There are many different definitions of what Campaign Strategy does and does not involve. I will refer to Campaign Strategy as a series of different sets of objectives over different timeframes utilising variable degrees of flexibility to attain the overall goal.
To begin with, I will briefly outline the different parts that make up this definition of Campaign Strategy:
- First and foremost, you have the Goal for the Campaign. This is, pretty much what it says on the tin.
- The next part is your Long-term Objectives. This is where you want to be in 20-30 turns.
- The next part is the Short-term Objectives. This is where you want to be in the next 10 turns and is the most flexible part of your plan. This may seem entirely logical or it may seem completely counter-intuitive, depending on the way that you think, but just trust me until you read the detailed description.
- The next part is Logistics. This is the planning ahead for what you want to be doing in the next 2-4 turns. This is a relatively inflexible part of the overall Campaign Strategy.
- The next part is Strategic Reaction. This is very short-term planning and is the point where a lot of Campaign Strategy goes pear-shaped.
- The next part is Battle Strategy, this is planning across the timescale of a battle.

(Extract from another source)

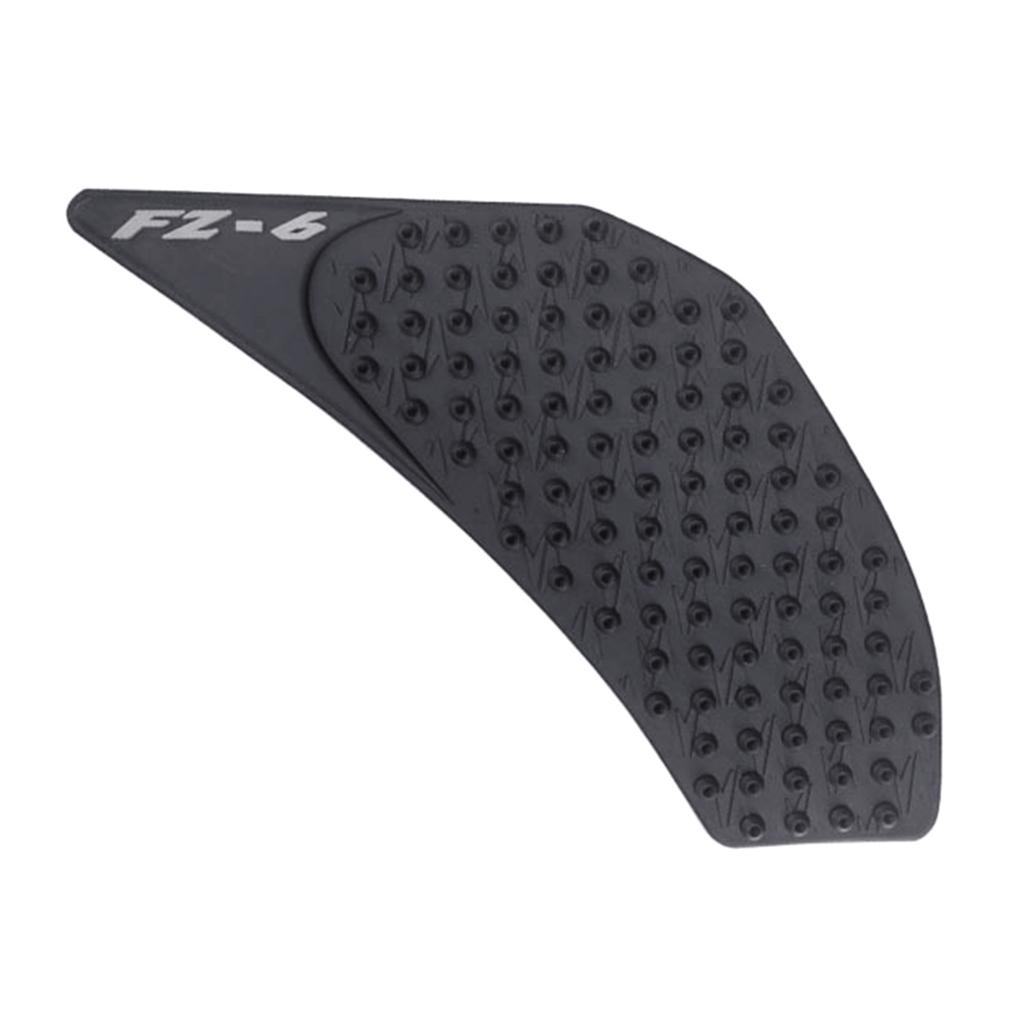 Подходит для FZ-1N FZ1N FZ1S 1S FZ6N FZ8 FZ8N Мотоцикл Боковые накладки на бак Тракционные накладки для коленей Защитная наклейка Нескользящая накладка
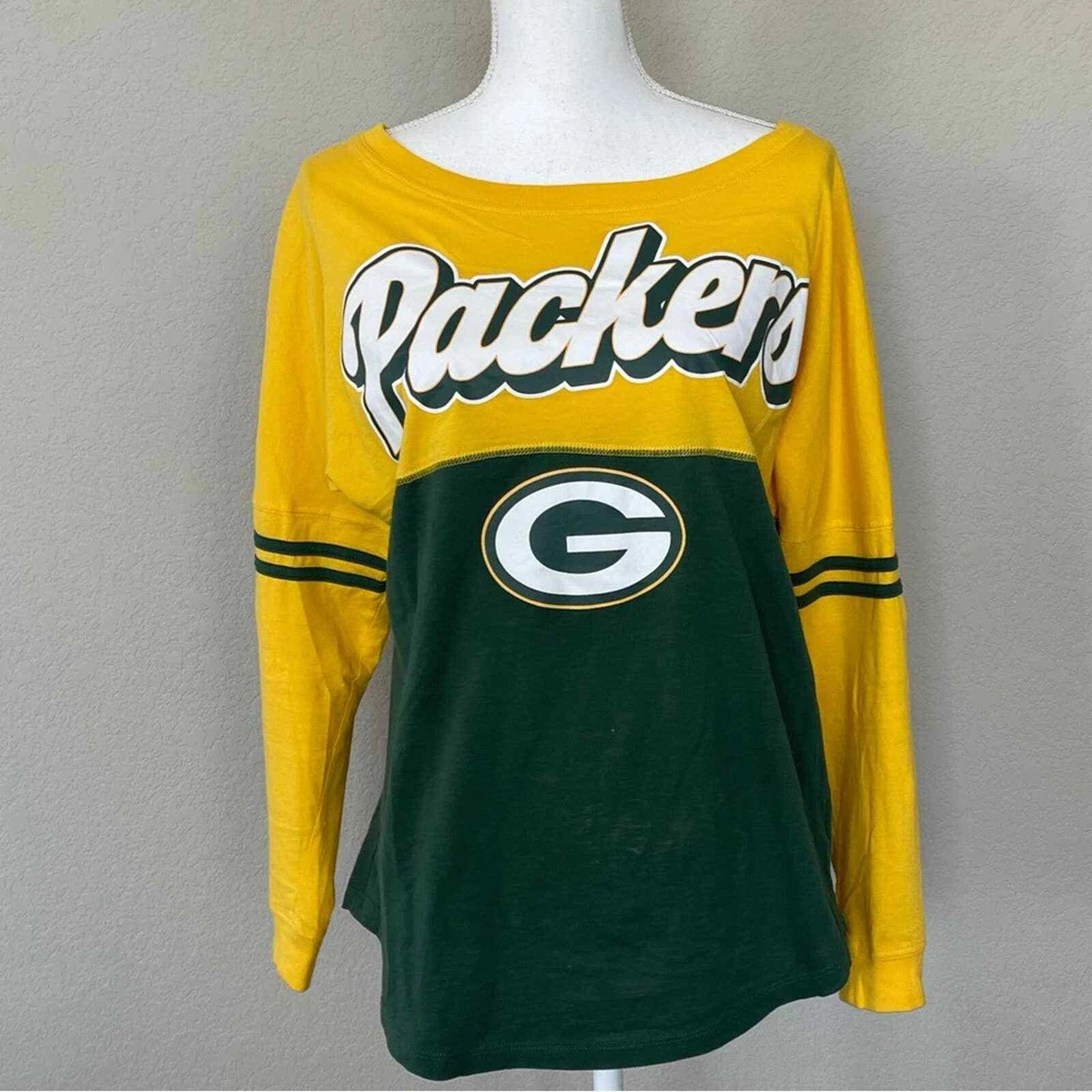 NFL Shop Green Bay Packers Long Sleeve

- The final part is Tactics, which is the sudden opportunities that may or may not occur on the battle map.
Goal for the Campaign
The Goal for the Campaign is what you hope to achieve during the course of the campaign. This can be simply to win the Campaign according to the game rules (as shown for your faction). If you want a bit more of a challenge, you can decide on different rules, such as changing the win conditions and the timeframe. You can limit your play (ensure that you take out Egypt while playing the Scots for example), modify descr_strat.txt to give yourself a worse starting position, modify descr_buildings.txt to change the units you can recruit or even modify descr_unit.txt to change the stats of the units you will be fighting with. A slightly easier alternative is just to install a pre-made mod.
The Goal for the campaign is a fixed entity. There are no alterations to this, although the timeframe may vary depending on events during the campaign. If you are making large alterations to the goal for the campaign, then you are showing one of the greatest of all strategic weaknesses - indecisiveness.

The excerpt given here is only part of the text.